Caption-style text data
----------

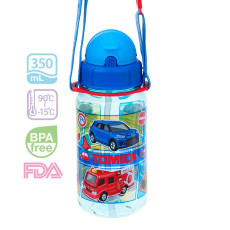 Tomica 350ml BPA Free 膠水樽連飲管及頸繩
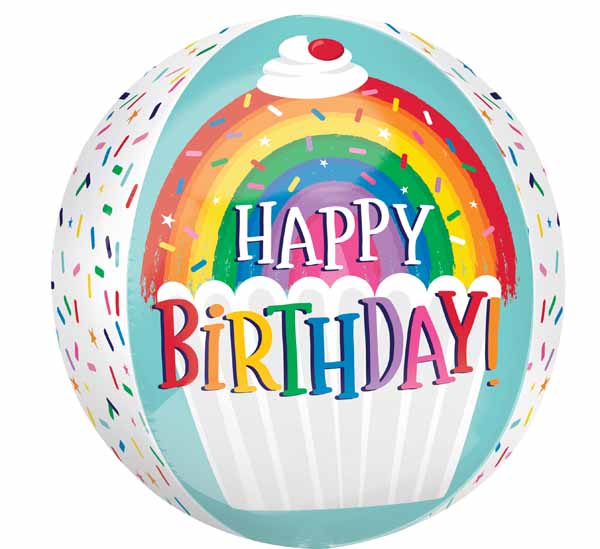 Rainbow Sprinkle Happy Birthday 16-Inch Orbz Foil Balloon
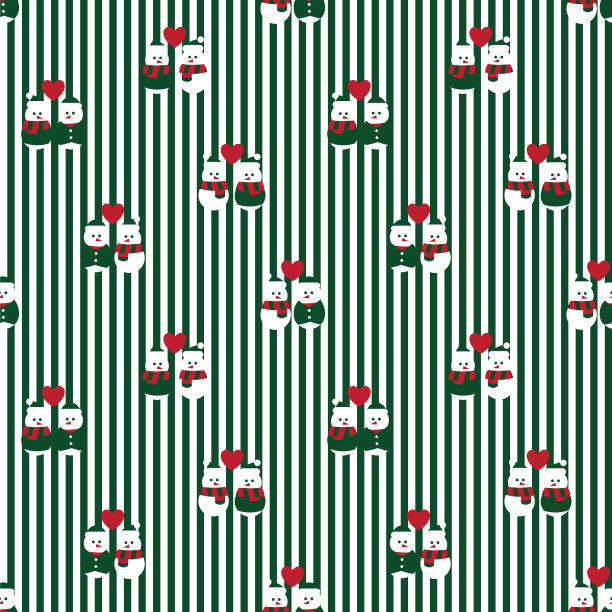 圣诞雪人无缝图案设计图片下载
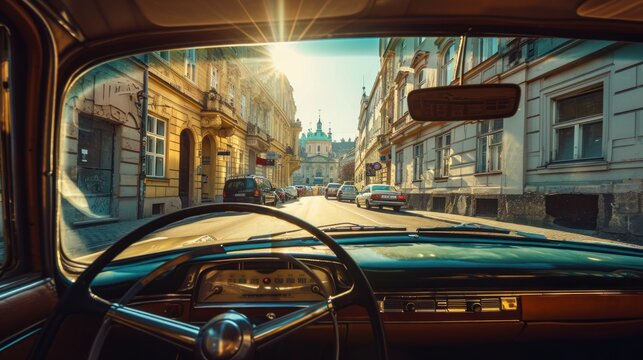 Fototapeta Street view from a vintage car with Historic buildings in the city of Prague, Czech Republic in Europe.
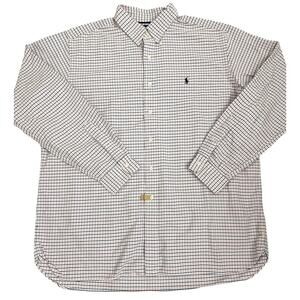 Ralph Lauren Classic Fit Pink Blue White Button Down Dress Shirt Size Men's XL
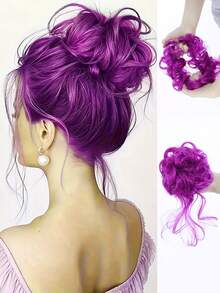 Synthetic Messy Updo Hair Bun Chignon Scrunchies Fake Hair Band Braid Elastic Hairpiece Tail For Women Synthetic Curly Ponytail - Multicolor - View 28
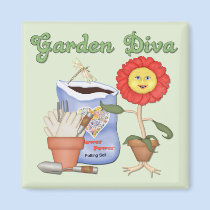 Funny Garden Diva magnets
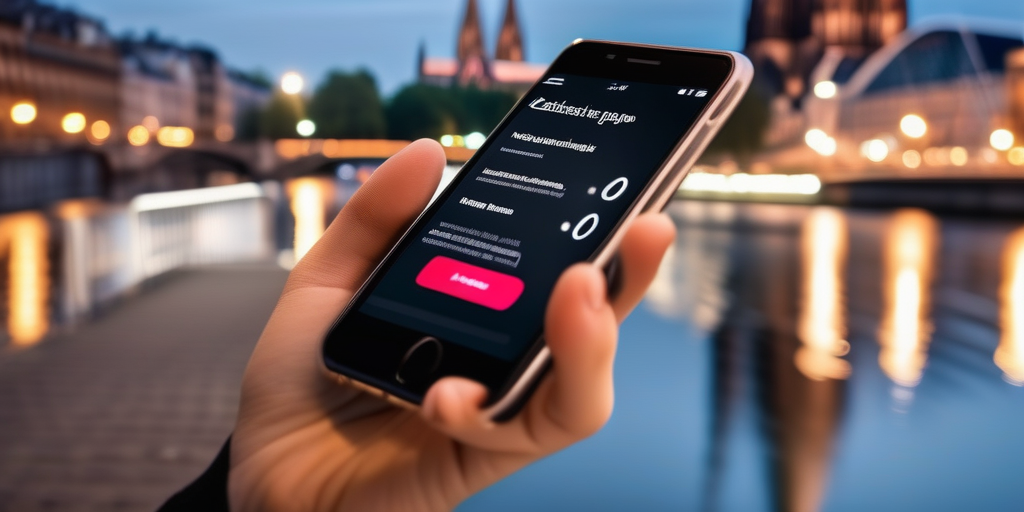Ein Smartphone mit einer Dating-App, im Hintergrund der Kölner Dom.
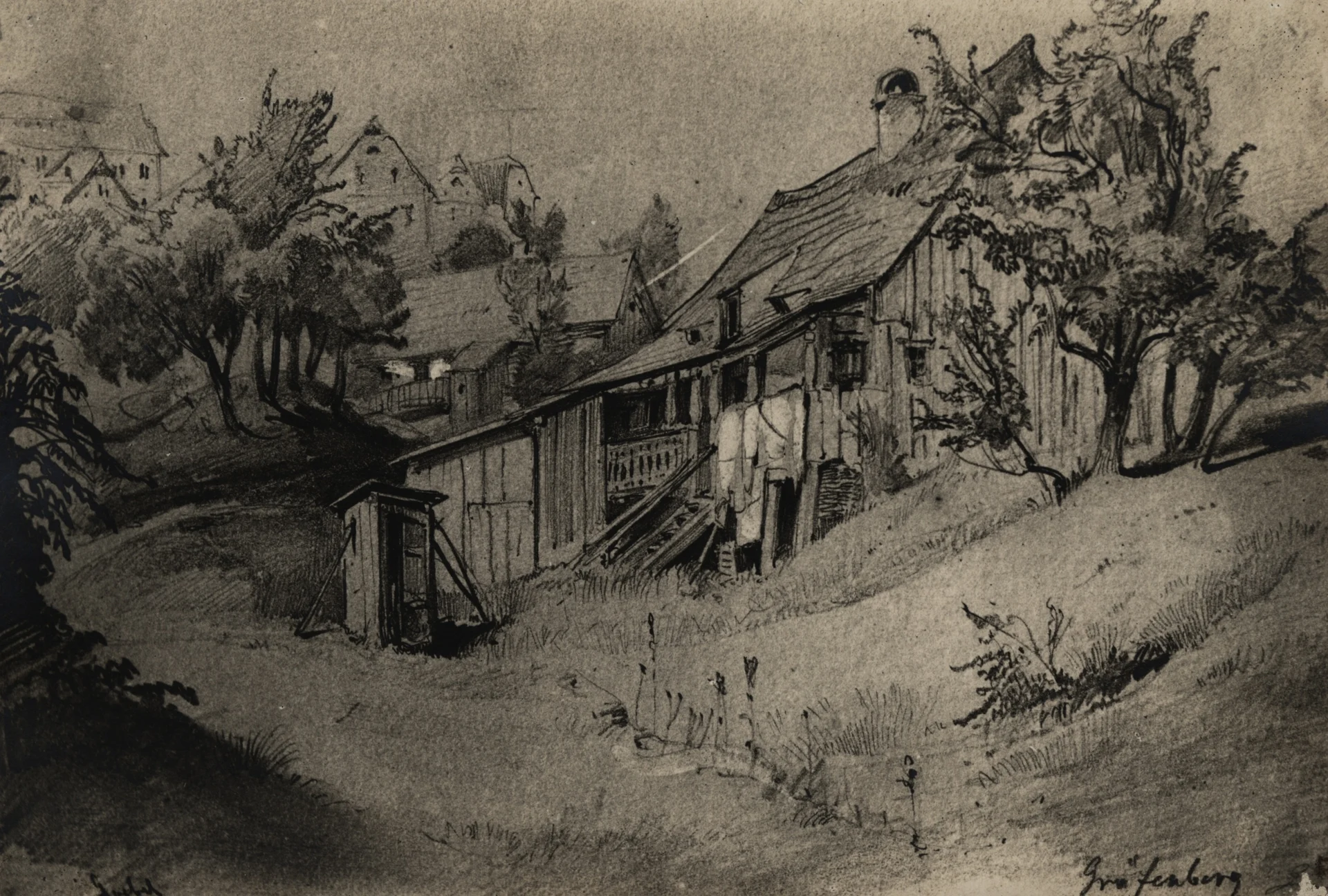 Náhledový obrázek předmětu Carl Goebel: dřevěný dům v jesenických lázních (asi r. 1847)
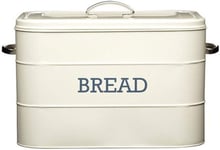 Kitchencraft Living Nostalgia Large Metal Bread Box Bin, Antique Cream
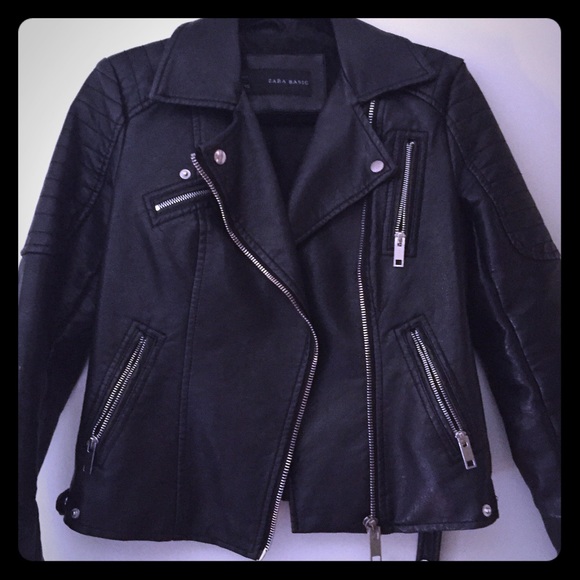 Zara faux moto leather jacket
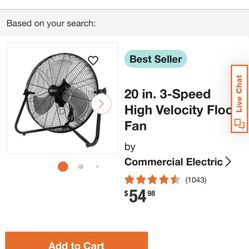 20 in. 3-Speed High Velocity Floor Fan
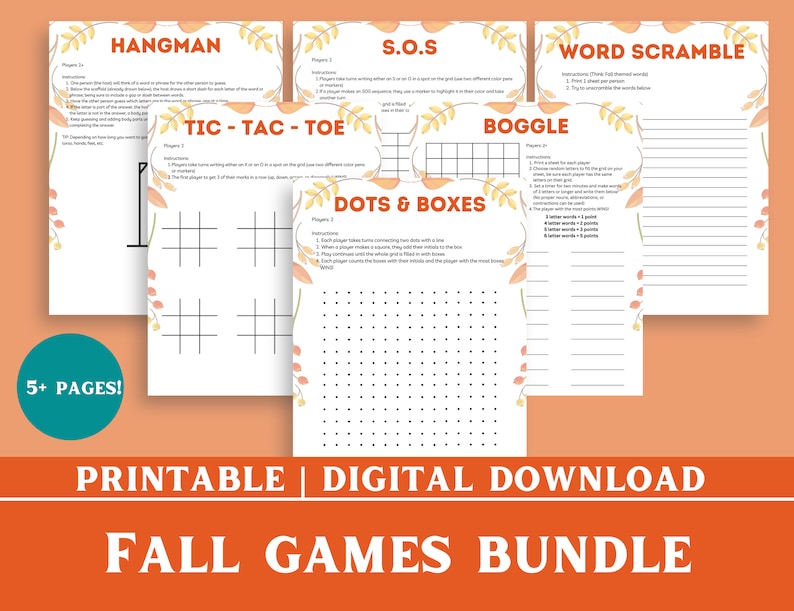 Fall Games Printable | Games Bundle - Etsy
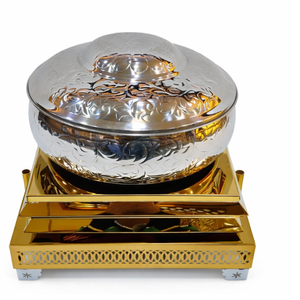 ถาดอุ่นอาหารทรงกลมแบบตอกลาย - Product Image 1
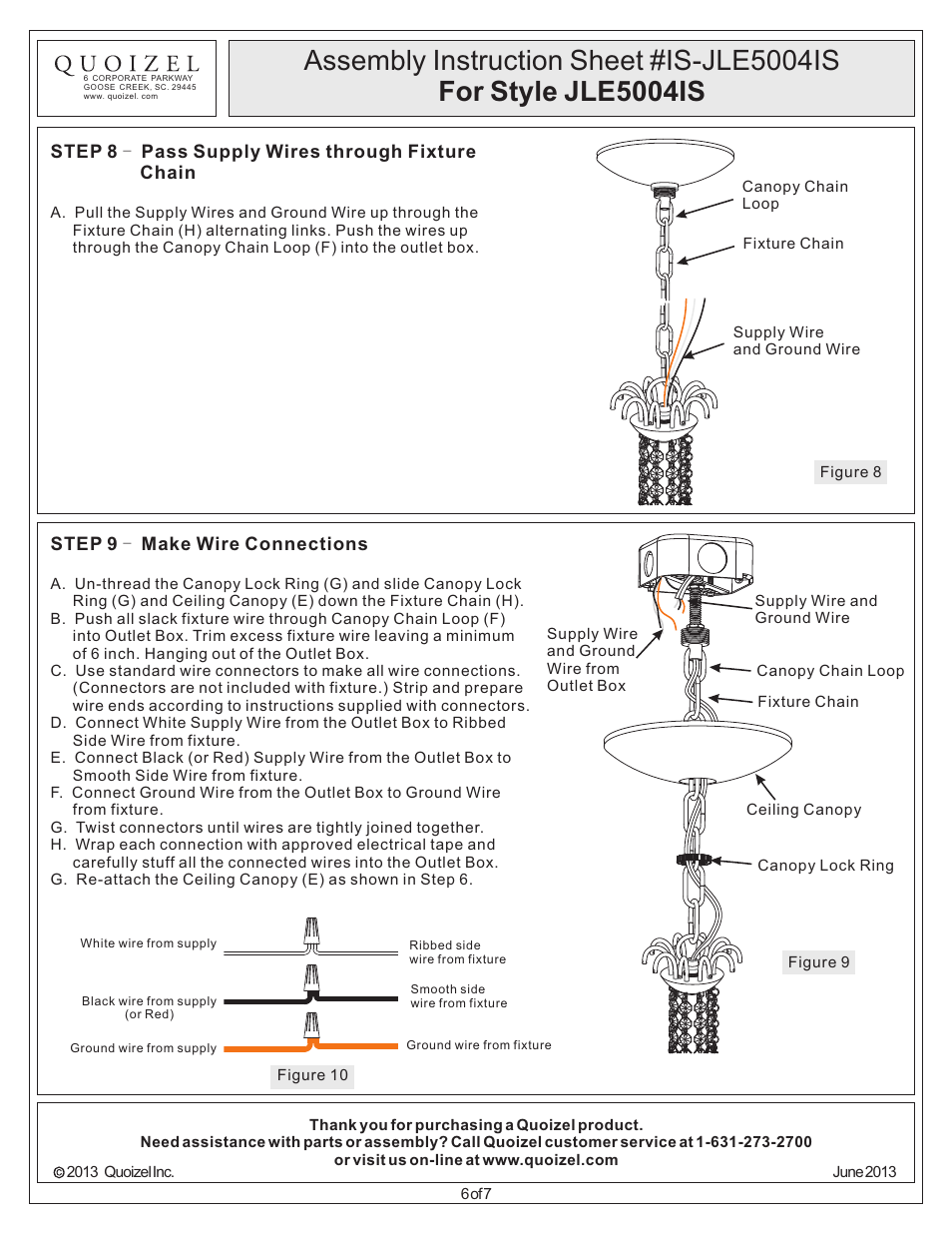 Quoizel JLE5004IS Jolene User Manual | Page 6 / 7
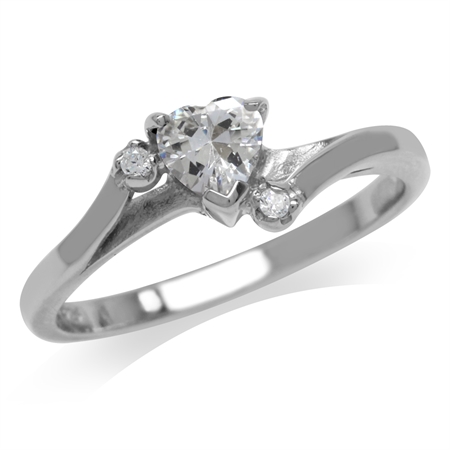 Heart Shape White CZ 925 Sterling Silver Engagement Ring RN0036113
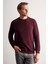 Bordo Uzun Kol Bisiklet Yaka Düz Pamuklu Comfort Fit Sweatshirt 1013255150 6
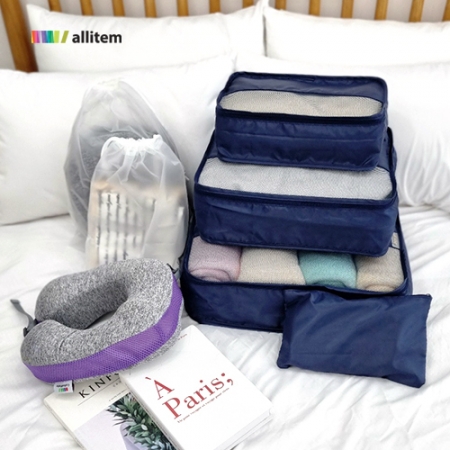 달팡 메모리폼 목베개 + 여행용6종 파우치세트 #3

----------

■ Brief:
Skipping every picture, transcribe exactly the lines above from the one containing "Ralph Lauren Classic" through the one containing "Heart Shape White", both included.

■ Completed task:
 Ralph Lauren Classic Fit Pink Blue White Button Down Dress Shirt Size Men's XL
 Synthetic Messy Updo Hair Bun Chignon Scrunchies Fake Hair Band Braid Elastic Hairpiece Tail For Women Synthetic Curly Ponytail - Multicolor - View 28
 Funny Garden Diva magnets
Ein Smartphone mit einer Dating-App, im Hintergrund der Kölner Dom.
 Náhledový obrázek předmětu Carl Goebel: dřevěný dům v jesenických lázních (asi r. 1847)
 Kitchencraft Living Nostalgia Large Metal Bread Box Bin, Antique Cream
 Zara faux moto leather jacket
 20 in. 3-Speed High Velocity Floor Fan
 Fall Games Printable | Games Bundle - Etsy
 ถาดอุ่นอาหารทรงกลมแบบตอกลาย - Product Image 1
 Quoizel JLE5004IS Jolene User Manual | Page 6 / 7
 Heart Shape White CZ 925 Sterling Silver Engagement Ring RN0036113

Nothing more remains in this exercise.